=== GIVEN DATA ===
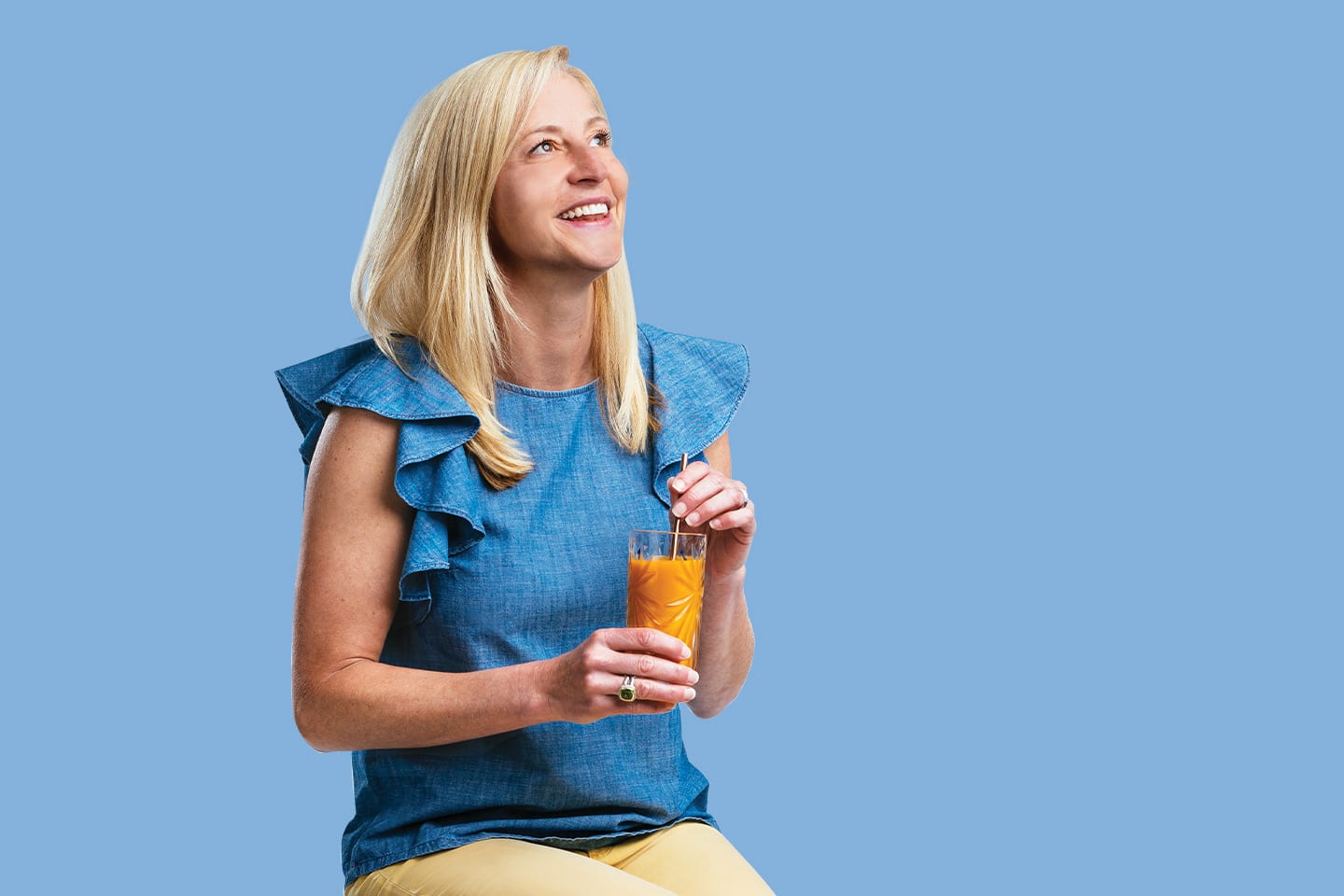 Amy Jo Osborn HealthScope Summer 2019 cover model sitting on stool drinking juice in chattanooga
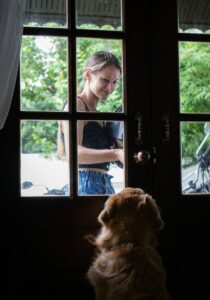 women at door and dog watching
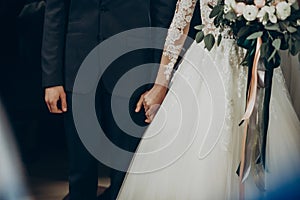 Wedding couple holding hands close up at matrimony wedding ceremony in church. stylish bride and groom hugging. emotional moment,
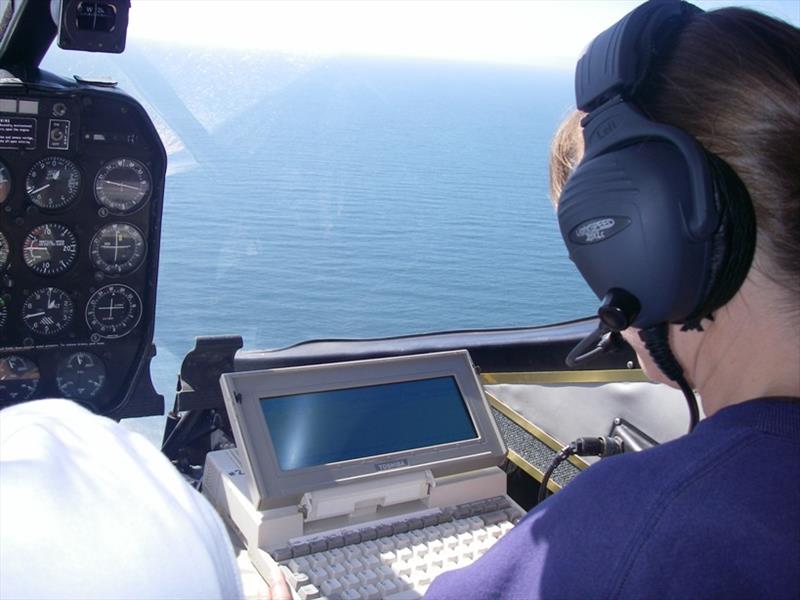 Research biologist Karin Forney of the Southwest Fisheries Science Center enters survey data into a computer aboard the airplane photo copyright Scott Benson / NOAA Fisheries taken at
===
TO DO :: Print the material above exactly, skipping its images.

REPLY ::
 Amy Jo Osborn HealthScope Summer 2019 cover model sitting on stool drinking juice in chattanooga
 women at door and dog watching
 Wedding couple holding hands close up at matrimony wedding ceremony in church. stylish bride and groom hugging. emotional moment,
 Research biologist Karin Forney of the Southwest Fisheries Science Center enters survey data into a computer aboard the airplane photo copyright Scott Benson / NOAA Fisheries taken at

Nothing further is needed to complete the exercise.